*** INFORMATION SUPPLIED ***
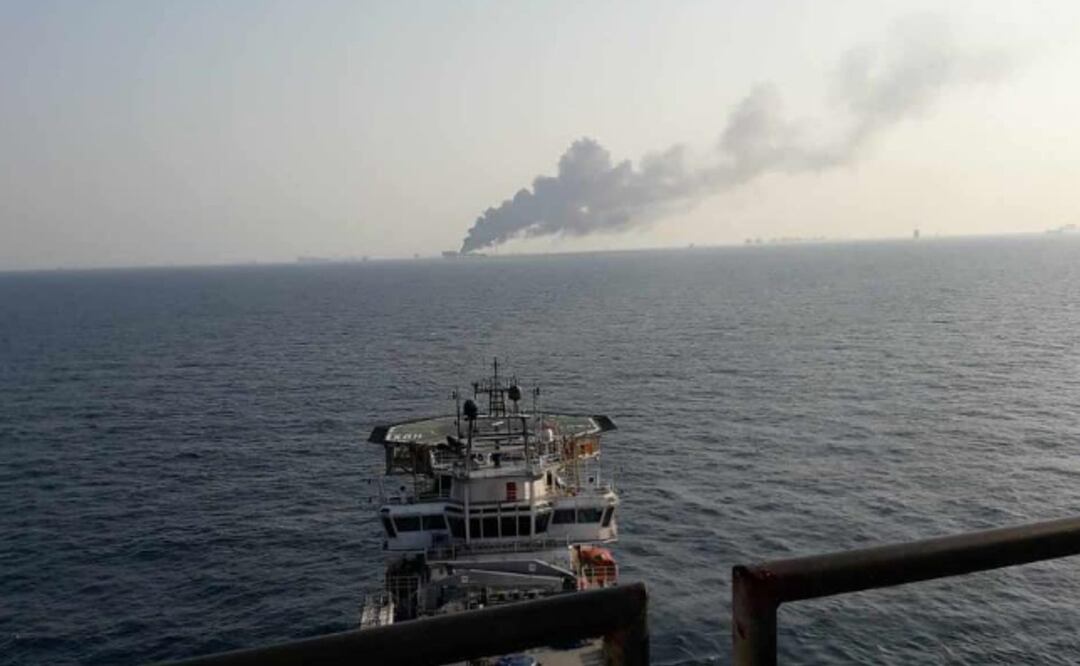 Pemex informa saldo de personas afectadas por explosión en plataforma petrolera de Campeche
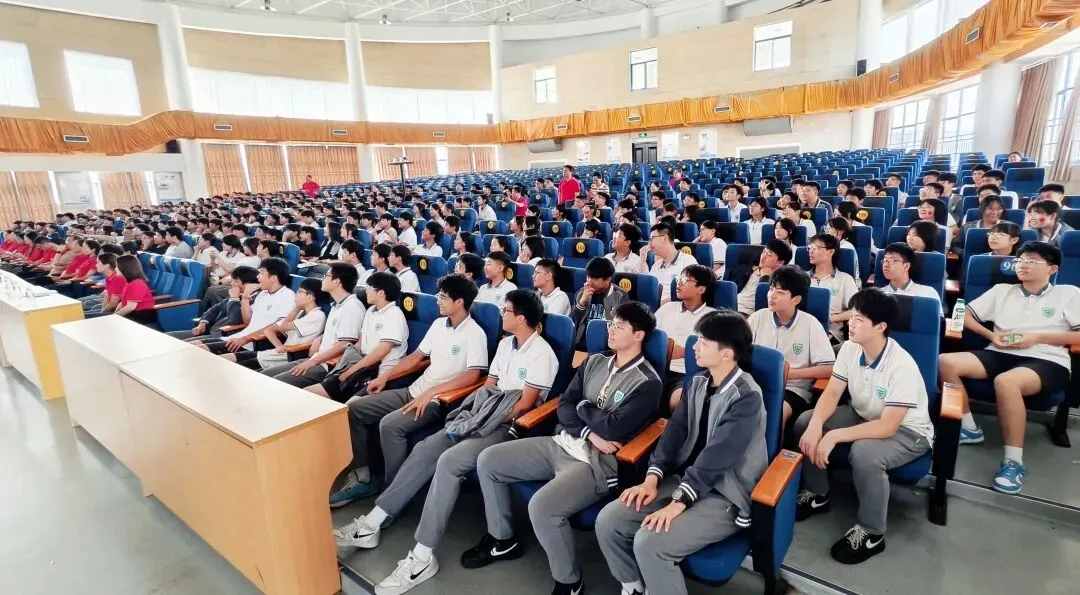 蓄力三年展锋芒,逐梦中考创辉煌 | 同升湖学校 2026 届九年级动员大会圆满举行-第19张图片-四季读书网 蓄力三年展锋芒,逐梦中考创辉煌 | 同升湖学校 2026 届九年级动员大会圆满举行-第19张图片-四季读书网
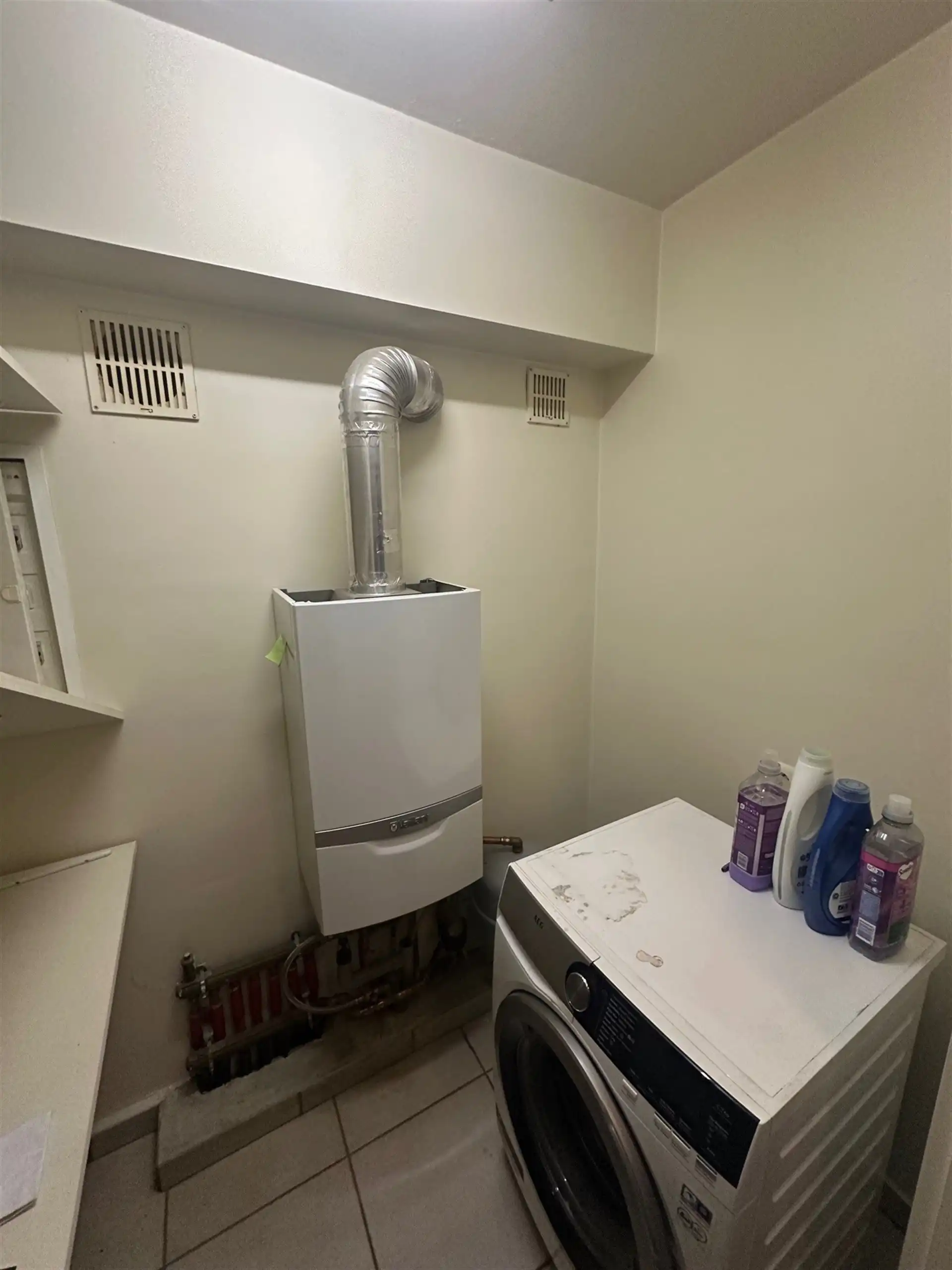 Strategisch gelegen en zeer ruim appartement met 2 slaapkamers foto 13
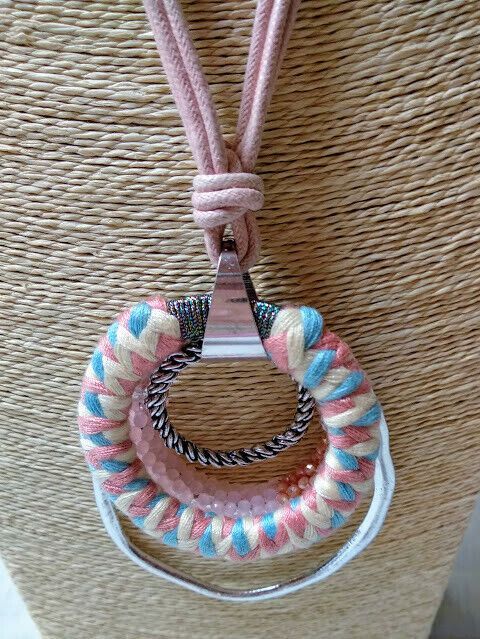 Collar fantasía tipo étnico combinando metal,cordón cristal y lana Nuevo - Imagen 3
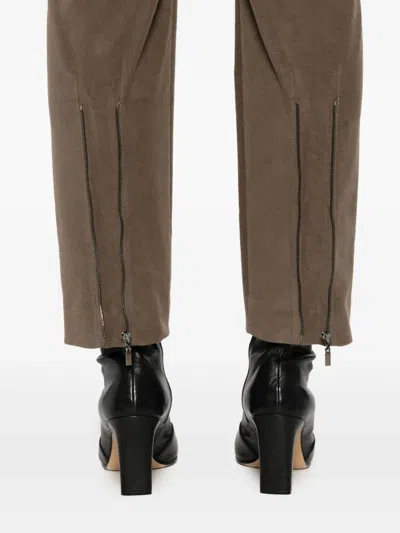 Brunello Cucinelli Pants With Zip At The Bottom In Brown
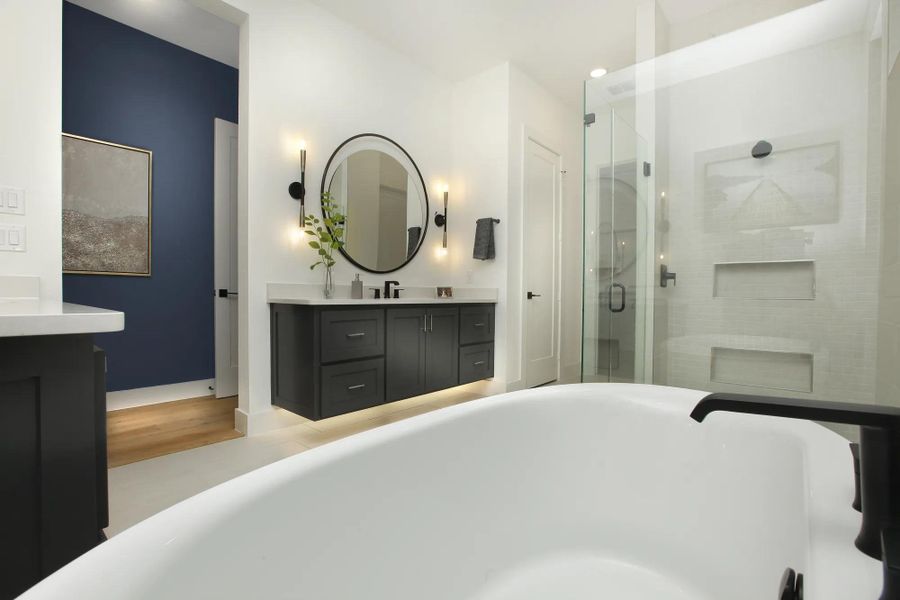 The Eastland II Primary Bath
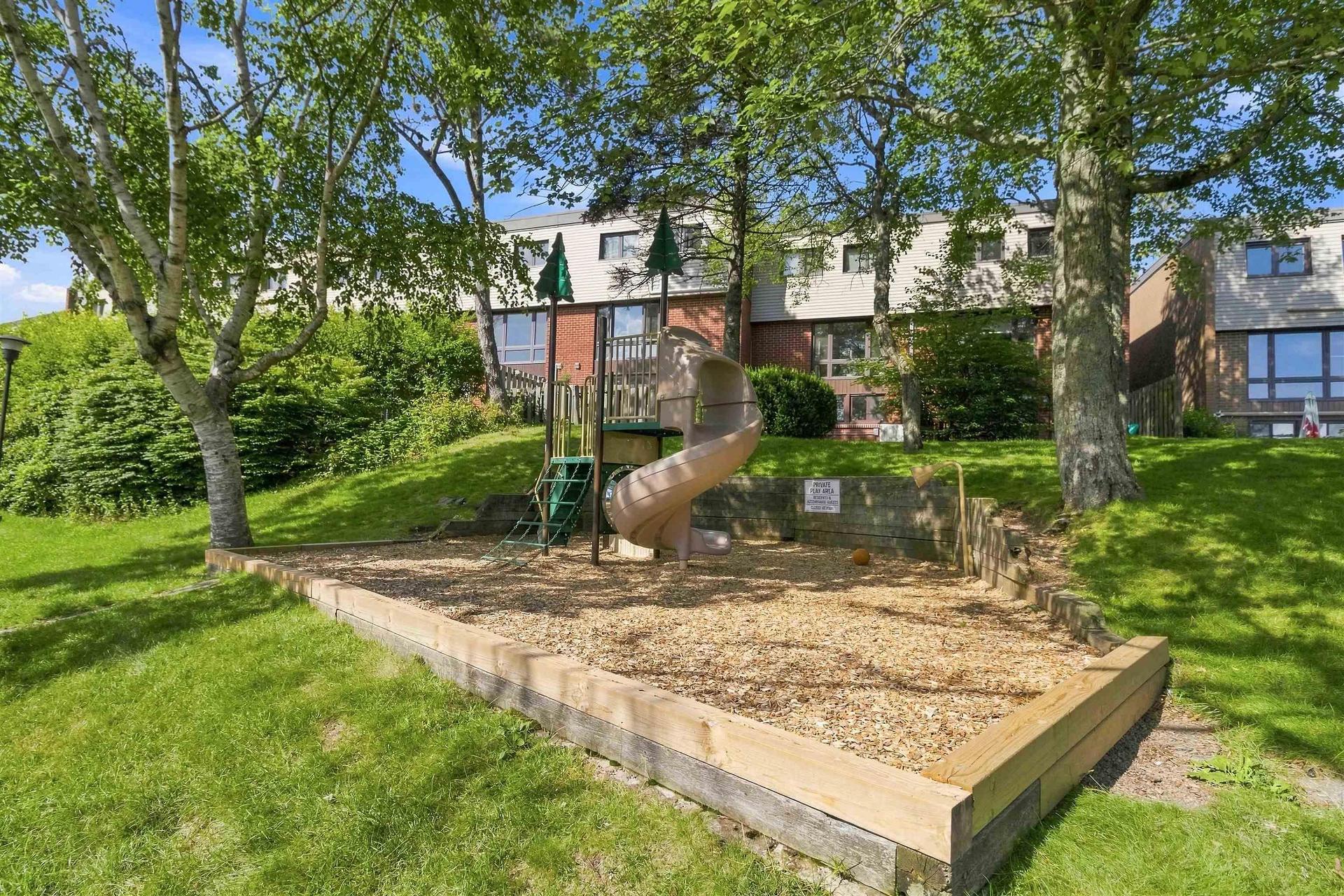7 Forestside Crescent, Clayton Park, NS - Outdoor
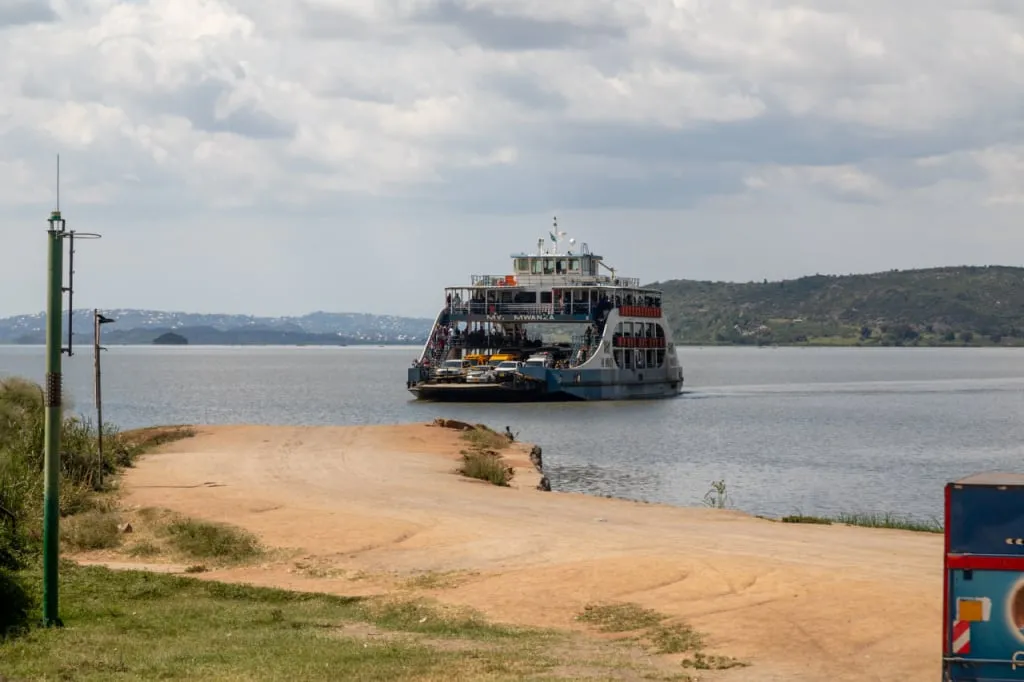 Die Fähre MV Mwanza, abgebildet in der gleichnamigen Bucht am Viktoriasee. Fotografiert während einer Altezza Travel-Expedition um den See im Jahr 2023.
*** End of INFORMATION SUPPLIED ***
• PROMPT
Everything from the line containing "7 Forestside Crescent, Clayton" through the end of the data should be printed exactly, line for line, except the pictures.

• TASK OUTPUT
7 Forestside Crescent, Clayton Park, NS - Outdoor
 Die Fähre MV Mwanza, abgebildet in der gleichnamigen Bucht am Viktoriasee. Fotografiert während einer Altezza Travel-Expedition um den See im Jahr 2023.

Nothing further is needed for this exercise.